Dementia
Genre: Fantastique , Expérimental
Année: 1955
Pays d'origine: Etats-Unis
Réalisateur: John Parker
Casting:
Adrienne Barrett, Bruno VeSota, Ben Roseman, Richard Barron, Ed Hinkle, Lucille Rowland, Jebbie VeSota...
 

John Parker est un nom qui résonne longtemps après la vision de Dementia. En effet, il paraît impossible de l'associer à un quelconque autre objet filmique. Si le mystère entourant la conception de son oeuvre reste entier, il demeure néanmoins tout aussi intriguant que la plongée à double tranchant / schizophrénique à laquelle il nous convie lors de la projection. Bref, le projecteur et les fumées d'une salle de cinéma de Los Angeles l'ont tant bien que mal reçu pendant quelques deux semaines au beau milieu des 50's, pour le plaisir des mirettes d'une rangée d'inconnus, mais il a alors disparu presque à tout jamais, livré à lui-même et à sa propre folie. Des années après, l'éditeur Bach Films a eu la bonne idée de mettre la main dessus afin de le dévoiler à bon nombre de cinéphiles ayant eu vent de lui les décennies précédentes.

 

 

En mal de sommeil, notre héroïne (incarnée par Adrienne Barrett, parfaite inconnue géniale) s'en va alors errer dans une ville dont les premiers plans qui nous en sont proposés sont, du point de vue rétinien, d'un sublime rare, composant à eux seuls une sorte d' "apogée du carton-pâte". Pour être encore plus clair, on se croirait dans un rêve, prêt à apercevoir Pierrot tant la Lune qui veille sur le noir urbain est d'une beauté quasi-surréaliste. Sur son chemin que l'on pourrait donc qualifier d'"onirique", elle croisera de nombreuses "gueules" pour ce qui s'avérera être une nuit des plus "mouvementées". On rencontrera en effet Angelo Rossitto, le nain de Freaks de Tod Browning, ou encore Bruno VeSota (L'attaque des crabes géants, Un Baquet de sang, "L'équipée sauvage") - notre gros préféré- dans un rôle de riche bouffon. Ce dernier, s'empiffrant joliment dans une séquence délicieusement glauque, est aussi le producteur du film. Bref, de curieuses rencontres pour une drôle de dame non avide de peur. Que demander de mieux ?

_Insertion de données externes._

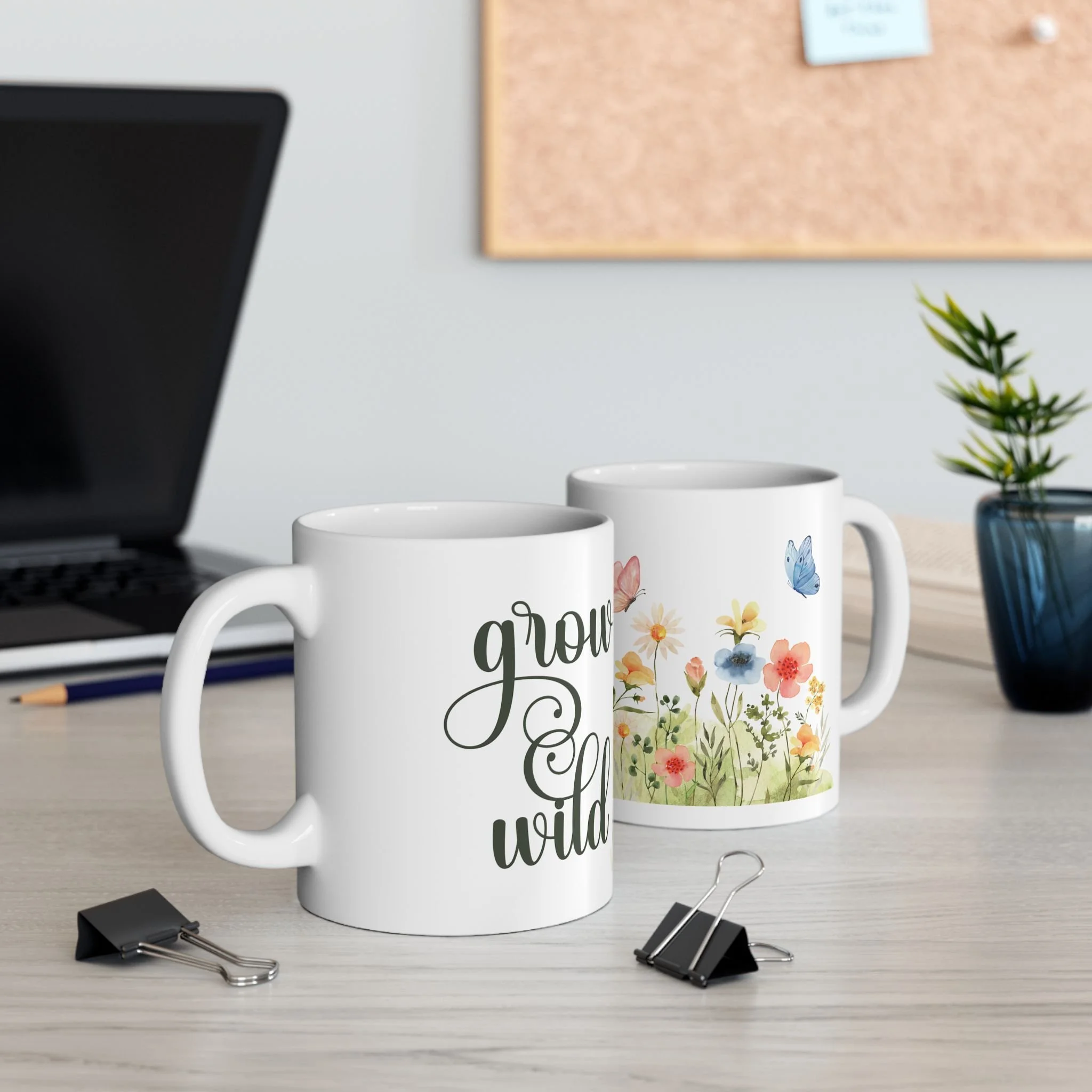 Styled desk scene with two grow wild floral mugs featuring wildflowers and butterfly design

Pour ce qui est du noir et blanc, s'il se rapproche des ténèbres, ce n'est que pour mieux évoquer Hitchcock lorsqu'au détour d'un plan, la caméra pénètre dans la chambre de notre protagoniste, ou encore annoncer "La Soif du mal" d'Orson Welles, qui travailla peu de temps après sur les même lieux de tournage (mais légalement) avec, il est certain, une esthétique s'en rapprochant fortement. Dementia, oui, semble posséder l'essence même du cinéma en noir et blanc. Une sorte de mélange du meilleur d'"avant" doublé d'une projection dans le meilleur à venir.

 

 

On pourrait disserter longtemps à propos de Dementia, mais cela serait inutile tant ses interprétations peuvent être multiples. Histoire de mettre tout le monde d'accord et de roder les fins esprits que vous êtes sur la même base, disons qu'en fin de compte, Dementia est un film vivant, une drôle de chose capable de se "muer", de se "métamorphoser", de se "changer" en une œuvre différente selon l'état, l'humeur, le caractère, les connaissances, voire les goûts du spectateur le visionnant. Il est de ces métrages que l'on peut aisément qualifier d'OFNI : fascinant, déroutant, innovant, surprenant, qu'importe, la question qui subsiste à la fin demeure la même: qu'est-il ? Un produit hallucinogène? L'oeuvre d'un fou? Un ultime navet ?
Qu'il garde son secret, son silence originel (clin d'oeil au silence des films expressionnistes allemands tels que "Nosferatu" ou le "Cabinet du Docteur Caligari" ?), comme si son errance et l'oubli auquel il fut condamné lui avaient à tout jamais ôté la parole, s'impose tel un ultime mystère nous prévenant que nos recherches à son propos seront vaines. D'une séquence quasi expressionniste dans un cimetière à des relations inter-personnages floues, d'un montage final dans un bar de jazz (dans lequel on peut apercevoir Shorty Rogers en leader) où les plans se succèdent à une vitesse assez folle pour l'époque , à des poursuites à l'ombre des réverbères, chaque élément est là pour témoigner d'une sorte de génie d'avant-garde, innocent, pur, où la mise en scène, brillante, aux côtés de la terrifiante B.O de George Antheil, ne sont qu'accessoires vis-à-vis de l'expérience qu'il génère.

 

 

John Parker aura beau en dérouter beaucoup, il compose ici un rêve / cauchemar d'une grande beauté unique en son genre.